Department of Biotechnology and Life Science, Tokyo University of Agriculture and Technology, Koganei-shi, Tokyo 184-8588, Japan.
Bioinformatics. 2011 Feb 15;27(4):487-94. doi: 10.1093/bioinformatics/btq700. Epub 2010 Dec 17.
Biologically important proteins are often large, multidomain proteins, which are difficult to characterize by high-throughput experimental methods. Efficient domain/boundary predictions are thus increasingly required in diverse area of proteomics research for computationally dissecting proteins into readily analyzable domains.

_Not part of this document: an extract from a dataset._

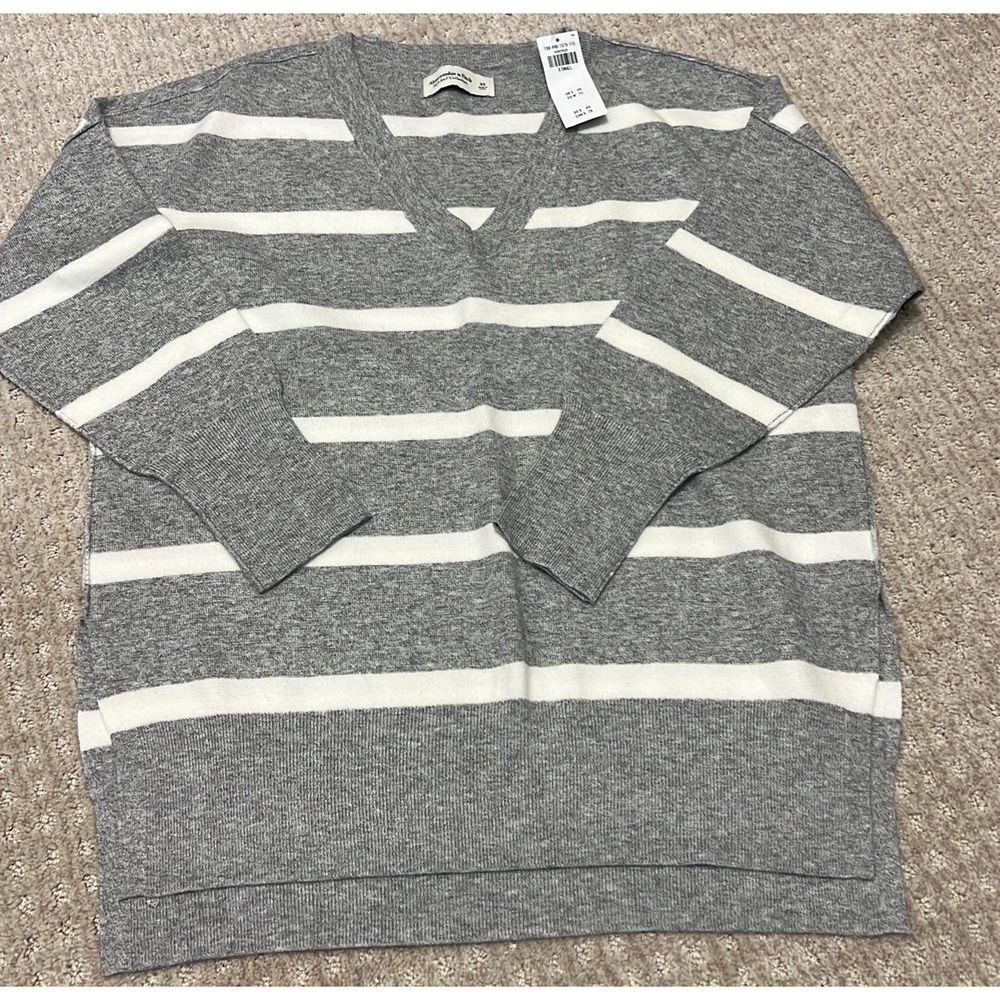 Abercrombie and Fitch sweater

We constructed a support vector machine (SVM)-based domain linker predictor, DROP (Domain linker pRediction using OPtimal features), which was trained with 25 optimal features. The optimal combination of features was identified from a set of 3000 features using a random forest algorithm complemented with a stepwise feature selection. DROP demonstrated a prediction sensitivity and precision of 41.3 and 49.4%, respectively. These values were over 19.9% higher than those of control SVM predictors trained with non-optimized features, strongly suggesting the efficiency of our feature selection method. In addition, the mean NDO-Score of DROP for predicting novel domains in seven CASP8 FM multidomain proteins was 0.760, which was higher than any of the 12 published CASP8 DP servers. Overall, these results indicate that the SVM prediction of domain linkers can be improved by identifying optimal features that best distinguish linker from non-linker regions.

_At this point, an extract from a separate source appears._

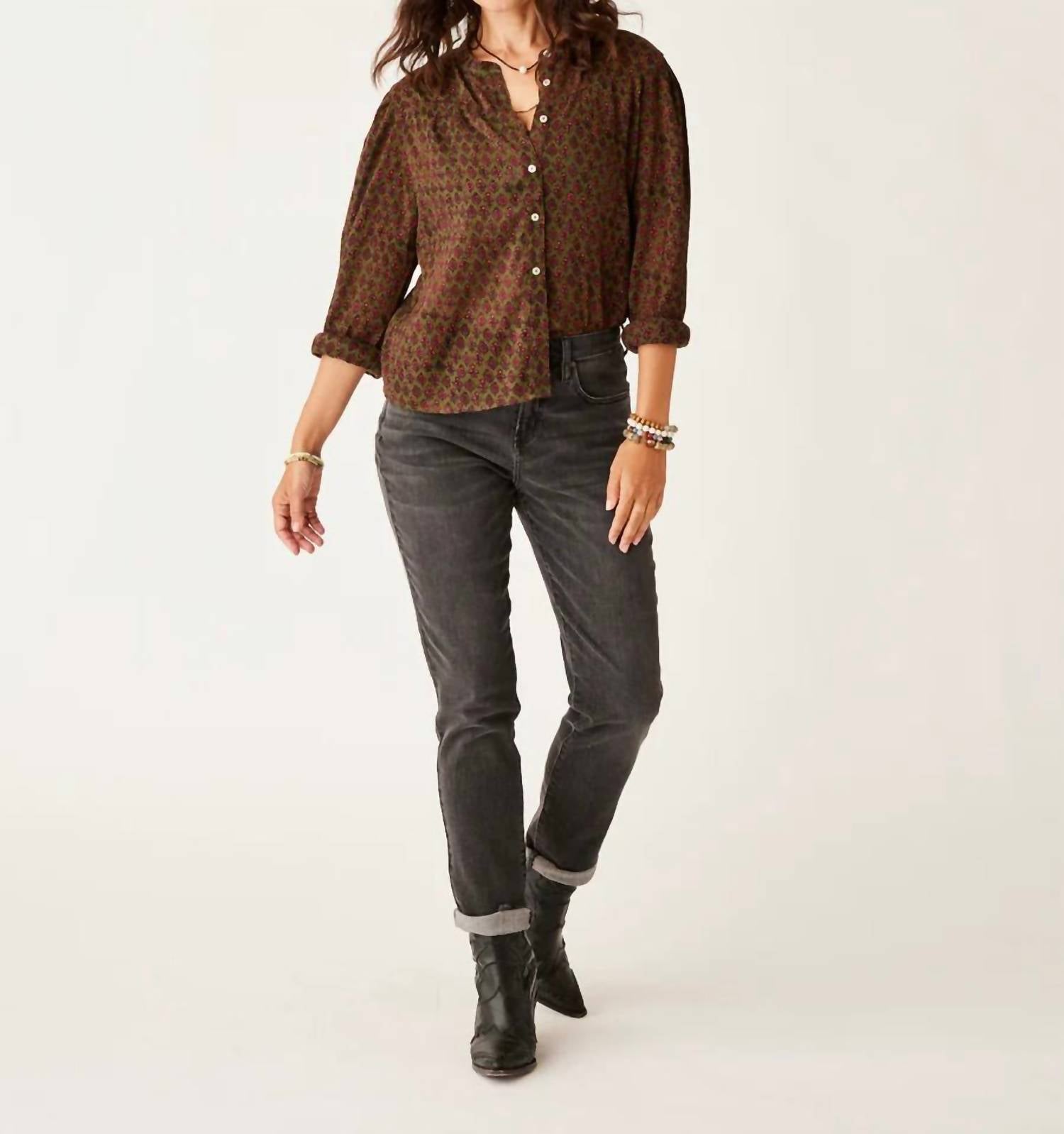 Топ Татум в цветочном батик-принте Carve Designs, цвет batik floral
Топ Татум в цветочном батик-принте Carve Designs, цвет batik floral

生物重要的蛋白质通常是大型的、多结构域的蛋白质,这些蛋白质很难通过高通量实验方法进行特征描述。因此,在蛋白质组学研究的各个领域,高效的结构域/边界预测越来越受到需求,以通过计算将蛋白质分割成易于分析的结构域。
我们构建了一个基于支持向量机(SVM)的结构域连接预测器 DROP(使用最优特征进行结构域连接预测),它是使用 25 个最优特征进行训练的。最优特征的最佳组合是通过随机森林算法和逐步特征选择从 3000 个特征中确定的。DROP 的预测灵敏度和精度分别为 41.3%和 49.4%。这些值比使用非优化特征训练的对照 SVM 预测器高 19.9%以上,这强烈表明了我们的特征选择方法的效率。此外,DROP 预测七个 CASP8 FM 多结构域蛋白中新型结构域的平均 NDO 评分是 0.760,高于 12 个已发布的 CASP8 DP 服务器中的任何一个。总的来说,这些结果表明,通过识别最佳特征来区分连接子和非连接子区域,可以提高 SVM 对结构域连接子的预测。